L’escalation ha causato 18 vittime e 90 feriti ucraini a Kyiv. Secondo il Premier Ucraino è necessario l’invio di nuove armi. Si chiede l’intervento di Donald Trump.




Dopo il massiccio attacco notturno avvenuto su Kyiv, attribuito alle forze russe e che ha causato 18 vittime e oltre 90 feriti nella capitale ucraina, il presidente ucraino Volodymyr Zelensky ha chiesto agli Stati Uniti un rafforzamento decisivo della cooperazione in materia di difesa aerea, sollecitando in particolare il rilascio di una licenza per la produzione dei missili del sistema Patriot.

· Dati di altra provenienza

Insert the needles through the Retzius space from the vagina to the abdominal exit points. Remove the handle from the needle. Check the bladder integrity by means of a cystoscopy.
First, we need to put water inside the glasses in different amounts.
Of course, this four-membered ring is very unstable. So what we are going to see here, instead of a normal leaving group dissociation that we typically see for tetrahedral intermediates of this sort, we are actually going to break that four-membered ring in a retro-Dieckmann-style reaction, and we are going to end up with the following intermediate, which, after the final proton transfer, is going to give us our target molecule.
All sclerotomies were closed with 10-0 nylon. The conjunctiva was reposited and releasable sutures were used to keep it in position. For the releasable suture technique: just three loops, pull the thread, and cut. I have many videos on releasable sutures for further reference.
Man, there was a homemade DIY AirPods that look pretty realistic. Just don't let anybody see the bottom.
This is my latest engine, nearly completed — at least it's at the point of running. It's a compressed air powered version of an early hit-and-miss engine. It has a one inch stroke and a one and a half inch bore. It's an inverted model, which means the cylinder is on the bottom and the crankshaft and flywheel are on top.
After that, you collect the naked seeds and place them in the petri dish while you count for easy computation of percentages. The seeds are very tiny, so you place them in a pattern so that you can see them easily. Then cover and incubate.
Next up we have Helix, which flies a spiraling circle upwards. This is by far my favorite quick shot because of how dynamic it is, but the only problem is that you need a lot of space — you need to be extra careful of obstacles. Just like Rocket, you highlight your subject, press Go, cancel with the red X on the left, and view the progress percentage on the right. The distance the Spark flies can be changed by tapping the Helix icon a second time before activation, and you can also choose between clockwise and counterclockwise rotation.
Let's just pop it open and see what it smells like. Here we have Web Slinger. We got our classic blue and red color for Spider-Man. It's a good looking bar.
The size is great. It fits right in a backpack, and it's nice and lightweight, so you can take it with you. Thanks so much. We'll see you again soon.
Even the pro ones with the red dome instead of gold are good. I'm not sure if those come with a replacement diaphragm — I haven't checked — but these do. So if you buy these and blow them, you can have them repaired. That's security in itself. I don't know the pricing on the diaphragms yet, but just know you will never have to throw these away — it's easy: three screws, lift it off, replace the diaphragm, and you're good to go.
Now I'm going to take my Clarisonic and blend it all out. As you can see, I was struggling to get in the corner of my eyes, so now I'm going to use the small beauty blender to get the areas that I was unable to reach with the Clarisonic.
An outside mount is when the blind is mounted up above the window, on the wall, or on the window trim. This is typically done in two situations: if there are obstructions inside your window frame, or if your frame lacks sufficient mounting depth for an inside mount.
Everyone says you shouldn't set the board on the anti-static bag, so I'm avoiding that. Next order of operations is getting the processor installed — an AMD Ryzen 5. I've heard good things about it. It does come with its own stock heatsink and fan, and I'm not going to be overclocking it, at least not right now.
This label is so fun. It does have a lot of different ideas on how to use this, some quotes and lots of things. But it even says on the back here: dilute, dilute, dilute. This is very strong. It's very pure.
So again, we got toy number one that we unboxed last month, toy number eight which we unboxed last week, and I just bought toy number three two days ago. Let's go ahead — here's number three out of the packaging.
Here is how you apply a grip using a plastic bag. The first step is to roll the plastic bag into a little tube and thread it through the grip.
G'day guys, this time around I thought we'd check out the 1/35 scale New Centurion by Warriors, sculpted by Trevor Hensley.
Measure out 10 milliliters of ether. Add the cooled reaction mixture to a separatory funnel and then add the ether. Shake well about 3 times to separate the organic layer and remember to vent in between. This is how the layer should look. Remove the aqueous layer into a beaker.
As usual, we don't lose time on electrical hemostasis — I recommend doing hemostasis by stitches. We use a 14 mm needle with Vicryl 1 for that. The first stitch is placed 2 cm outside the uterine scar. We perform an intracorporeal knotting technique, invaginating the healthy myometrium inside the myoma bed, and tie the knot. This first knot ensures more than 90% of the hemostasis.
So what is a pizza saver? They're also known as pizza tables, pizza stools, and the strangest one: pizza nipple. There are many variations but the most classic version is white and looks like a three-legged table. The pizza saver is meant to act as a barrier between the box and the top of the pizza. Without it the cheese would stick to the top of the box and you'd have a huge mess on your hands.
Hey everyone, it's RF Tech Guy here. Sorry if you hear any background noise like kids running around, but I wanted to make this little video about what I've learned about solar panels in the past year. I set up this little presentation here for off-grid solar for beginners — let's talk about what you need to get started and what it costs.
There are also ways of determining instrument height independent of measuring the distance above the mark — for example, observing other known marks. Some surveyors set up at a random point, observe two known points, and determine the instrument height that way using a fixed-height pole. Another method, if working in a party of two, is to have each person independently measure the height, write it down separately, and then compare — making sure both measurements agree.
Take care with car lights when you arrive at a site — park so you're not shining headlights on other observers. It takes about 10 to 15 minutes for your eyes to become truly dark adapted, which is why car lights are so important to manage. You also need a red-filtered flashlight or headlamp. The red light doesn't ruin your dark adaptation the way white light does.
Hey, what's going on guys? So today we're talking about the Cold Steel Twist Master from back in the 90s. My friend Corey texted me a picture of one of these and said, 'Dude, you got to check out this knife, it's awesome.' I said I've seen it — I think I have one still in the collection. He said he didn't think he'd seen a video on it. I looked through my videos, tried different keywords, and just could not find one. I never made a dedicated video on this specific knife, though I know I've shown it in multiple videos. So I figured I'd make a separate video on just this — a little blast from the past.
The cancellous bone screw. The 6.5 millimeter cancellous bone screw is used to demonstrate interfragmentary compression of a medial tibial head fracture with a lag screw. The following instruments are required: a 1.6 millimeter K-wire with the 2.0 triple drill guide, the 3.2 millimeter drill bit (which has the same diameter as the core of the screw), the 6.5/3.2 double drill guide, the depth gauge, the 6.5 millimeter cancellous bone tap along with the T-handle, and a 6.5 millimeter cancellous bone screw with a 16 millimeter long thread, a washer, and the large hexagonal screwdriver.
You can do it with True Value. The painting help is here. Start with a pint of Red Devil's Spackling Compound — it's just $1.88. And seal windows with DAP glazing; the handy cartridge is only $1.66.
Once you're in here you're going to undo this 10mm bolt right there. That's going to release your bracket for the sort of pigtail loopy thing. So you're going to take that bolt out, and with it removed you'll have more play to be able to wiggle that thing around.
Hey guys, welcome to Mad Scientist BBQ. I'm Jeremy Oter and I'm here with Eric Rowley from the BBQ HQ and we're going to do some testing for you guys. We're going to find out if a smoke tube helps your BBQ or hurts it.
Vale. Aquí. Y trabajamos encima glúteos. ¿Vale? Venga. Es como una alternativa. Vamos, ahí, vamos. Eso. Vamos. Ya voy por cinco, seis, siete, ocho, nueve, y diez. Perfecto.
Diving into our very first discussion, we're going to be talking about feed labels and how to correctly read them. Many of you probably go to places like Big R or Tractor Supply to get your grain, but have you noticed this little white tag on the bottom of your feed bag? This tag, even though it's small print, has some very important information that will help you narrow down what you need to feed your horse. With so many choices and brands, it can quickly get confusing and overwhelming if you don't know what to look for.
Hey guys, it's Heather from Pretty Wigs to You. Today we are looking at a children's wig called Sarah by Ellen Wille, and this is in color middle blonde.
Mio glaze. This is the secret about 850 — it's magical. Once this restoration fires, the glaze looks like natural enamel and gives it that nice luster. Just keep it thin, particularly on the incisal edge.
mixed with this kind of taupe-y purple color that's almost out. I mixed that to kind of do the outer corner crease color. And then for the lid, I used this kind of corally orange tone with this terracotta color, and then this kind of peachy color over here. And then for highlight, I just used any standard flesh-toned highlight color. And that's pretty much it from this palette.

La richiesta arriva all’indomani di quello che le autorità ucraine definiscono uno degli attacchi più intensi dall’inizio dell’invasione russa. Zelensky ha ribadito che il potenziamento delle difese aeree resta “una priorità assoluta e critica” per il Paese, sottolineando la necessità non solo di nuove forniture militari, ma anche di una capacità produttiva autonoma o condivisa con gli alleati.


“Contiamo su una decisione degli Stati Uniti riguardo alle licenze per i Patriot e ad altre forme di cooperazione”, ha dichiarato il presidente Ucraino. L’appello si inserisce in un contesto di forte escalation dei bombardamenti. Il sindaco di Kyiv, Vitali Klitschko, ha definito l’attacco notturno il più massiccio mai subito dalla città dall’inizio della guerra, annunciando una giornata di lutto per le vittime.


Sul terreno, oltre ai raid sulla capitale, si registrano nuove tensioni anche in altre aree del Paese e nelle zone occupate. Nella regione di Zaporizhzhia, le autorità filorusse hanno denunciato attacchi con droni attribuiti alle forze ucraine, con vittime e feriti secondo il governatore locale. La richiesta di Zelensky agli Stati Uniti mette quindi al centro il tema della produzione e dell’autonomia nelle forniture militari occidentali, in un momento in cui l’intensificarsi degli attacchi russi aumenta la pressione sul sistema di difesa ucraino e sui suoi alleati.